Историки народных движений (Н. Земон Дэвис, И.М. Берсе, Э. Томпсон, А. Фарж, А. Корволь и др.) показали, что в начале Нового времени многие жесты праздника органично входили в бунтарское поведение. Их можно назвать фольклорными элементами открытого протеста. Очень часто открытое народное выступление начиналось ударом колокола. Бой набата повсеместно являлся традиционным знаком какой-либо опасности. К нему издавна прибегали в случае пожара, наводнения, града, засухи. В колокол звонили при приближении разбойников, банды нищих, с его помощью предупреждали расположившихся в деревне контрабандистов о приближении служащих налоговых ведомств.
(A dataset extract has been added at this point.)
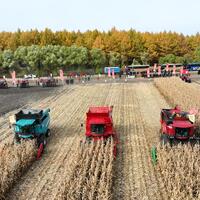 China speeding up efforts to secure autumn grain harvest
Иными словами, это был привычный сигнал к началу массового коллективного действия. Понимая особую роль коммунального колокола, символизировавшего локальную солидарность жителей, блюстители порядка пытались регламентировать его применение. Французские власти в качестве предлога использовали широко распространенное убеждение в том, что звон колоколов способен разогнать тучи, предотвращая тем самым грозу и связанные с ней неприятности. Борьба с этим обычаем, судя по количеству сохранившихся свидетельств, была настойчивой, но не очень успешной, поскольку крестьяне и горожане упорно сопротивлялись.
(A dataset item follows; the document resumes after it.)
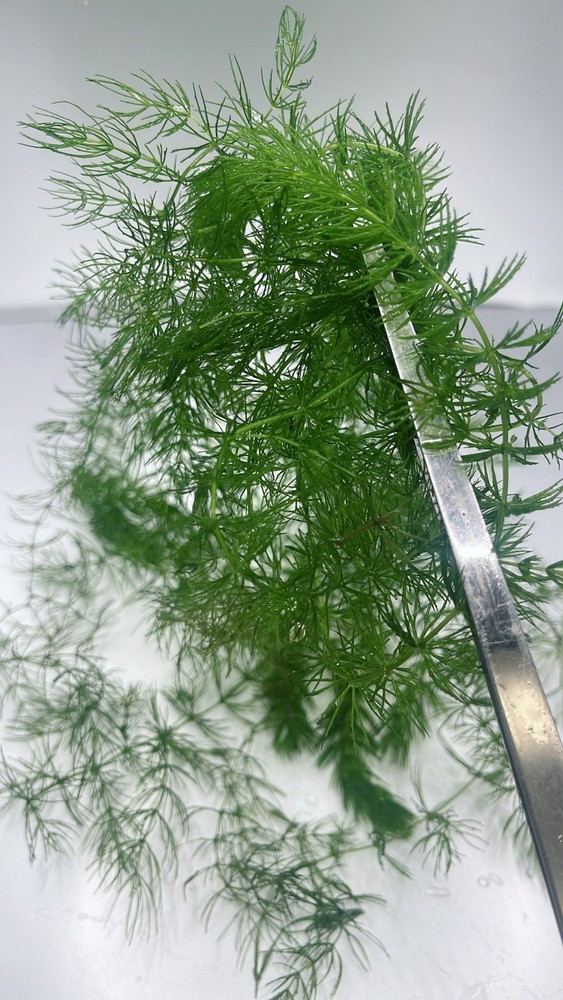 Combo : Java Moss, Hornwort,Guppy Grass Buy 2 Get 1 Free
Бой барабана — столь же обычное явление в народных манифестациях, как и колокольный звон. Использовались также другие музыкальные инструменты. Неизменно сопровождала каждое проявление открытого протеста инвектизация речи. Длительное время историки обращали внимание лишь на те крики и возгласы участников народных волнений, в которых выражались требования бунтовщиков, как, например, «Долой налоги!» или «Да здравствует король без габели!» Однако психологи и этнологи полагают, что любая бранная речь несет в себе смысловую нагрузку: взламывая табу, люди, не отдавая себе в этом отчета, выражают свой протест. Ругательства при этом уже сами по себе выполняют известную психотерапевтическую роль, принося психологическое облегчение. Кроме того, инвектива была одним из способов карнавализировать событие, не дожидаясь карнавала, помогая бунтовщикам включаться в иное, отличное от повседневности временное измерение. Широко распространенной фольклорной чертой открытого народного протеста была маскировка, присутствовавшая в разнородных народных движениях во всех странах. Участники народных движений чернили лица, или напротив, выбеливали их мукой, надевали на глаза тряпичные маски, переодевались в женские платья и пр.
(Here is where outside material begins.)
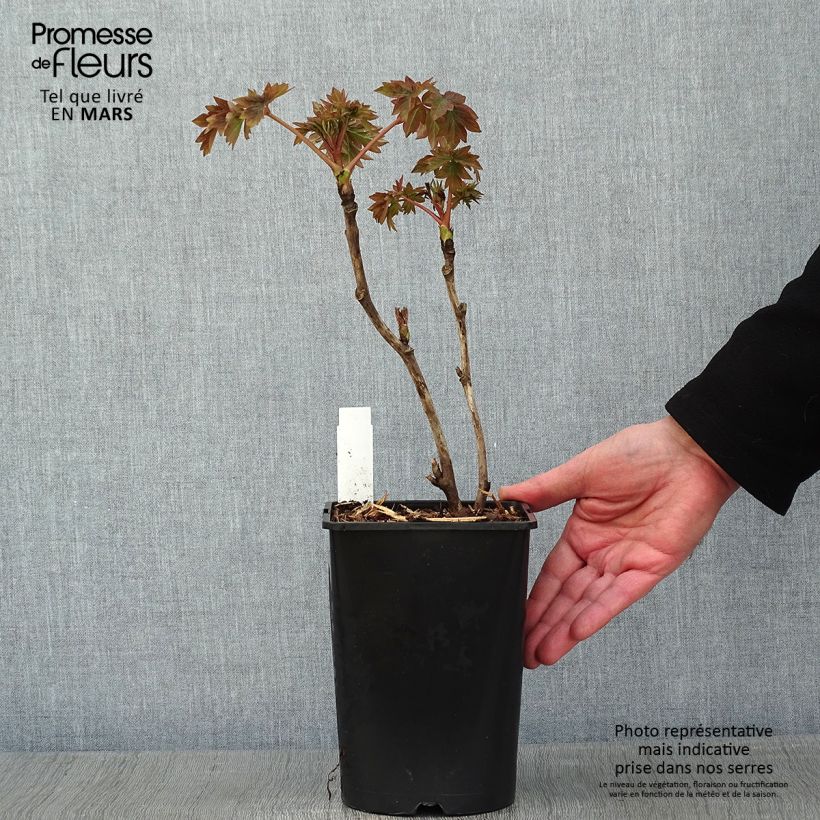 Exemplaar van Paeonia suffruticosa Luo Yang Hong - Boompioen Pot van 2 l/3 l zoals geleverd in de winter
В протестующей толпе времен Старого порядка, как и в любом другом социальном образовании, ритуал был одним из способов, регулирующих взаимодействие его участников между собой и с окружающим миром. Традиционные атрибуты праздничной народной культуры — колокол, барабан, маски, танцы, травестия — служили символическими средствами, которые позволяли бунтовщикам руководствоваться нормами, веками складывавшимися в протестующей толпе. Эти средства, обеспечивая необходимое для эффективного коллективного действия сочетание управляемости с субъективной свободой, были важнейшими элементами самоорганизации прямого народного действия.